---
title: Scikick
abstract: "Collections of data analysis notebooks often lose coherence due to the complex and branching nature of investigations. Scikick is a command line utility for managing ensembles of computational notebooks developed throughout a project by providing simple commands for workflow configuration, report generation, and state management.    "
---





# Preface: Notebook-Centric Workflows 

A thorough data analysis will involve multiple computational notebooks (*e.g.,* in [Rmarkdown](https://rmarkdown.rstudio.com/),  [Jupyter](https://jupyter.org/), or plain scripts). 
Consider this two stage data analysis where `QC.Rmd` provides a cleaned dataset 
for `model.Rmd` to perform modeling:

<pre>
|-- input/raw_data.csv
|-- code
<b>│   |-- QC.Rmd</b>
<b>│   |-- model.Rmd</b>
|-- output/QC/QC_data.csv
|-- report/out_html
|   |-- QC.html
|   |-- model.html
</pre>

Each of these notebooks may be internally complex, but the essence of this workflow is:

**`QC.Rmd` must run before `model.Rmd`**

This simple definition can be applied to:

- Re-execute the notebook collection in the correct order.
- Avoid unnecessary execution of `QC.Rmd` when only `model.Rmd` changes.
- Build a shareable report from the rendered notebooks.
- Collect relevant execution logs.

These features are key to the use of notebooks for complex analyses, however, 
**too much configuration is currently required to accomplish these goals**.
To remain focused on an investigation, tools 
are needed to streamline the organization of notebook collections.

# Scikick

*Scikick* is a command-line-tool for connecting and executing related data analyses 
 with a few simple commands to generate cohesive investigative reports and 
 ensure future reproducibility. 

![Figure 1 (reference to be added upon availability).](../../../source/figure1.png)

Common useful features for *ad hoc* data analysis are managed through Scikick:

 - Preset methods for executing a variety of notebook formats to markdown output 
 - Awareness of up-to-date results
 - Website generation with automated navigation based on workflow definition
 - Collection of page metadata (session info, page runtime, git history)
 - Simple ordering of notebook executions (via user-defined definition)
 - Defining notebook imports (*e.g.* importing functions from source file)

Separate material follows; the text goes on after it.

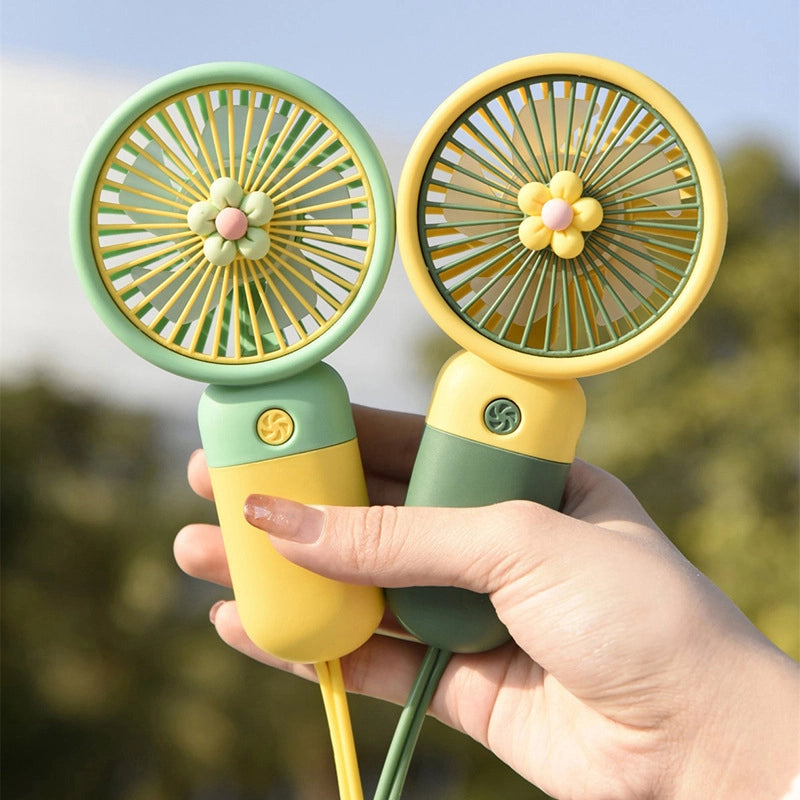 New Flower Mini Hand-held Small Fan Summer Fresh Portable Portable Portable Fan Usb Storage Electric Fan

These features allow for easy development of transparent data analysis repositories.

Commands are inspired by git for configuring the workflow: `sk init`, `sk add`, `sk status`, `sk del`, `sk mv`.

Scikick currently contains methods for executing `.R`, `.Rmd`, `.ipynb` (experimental), and `.md` (simple copy) to `.md` output pages. `.md` files are then compiled into a website (currently with `rmarkdown::render_site`).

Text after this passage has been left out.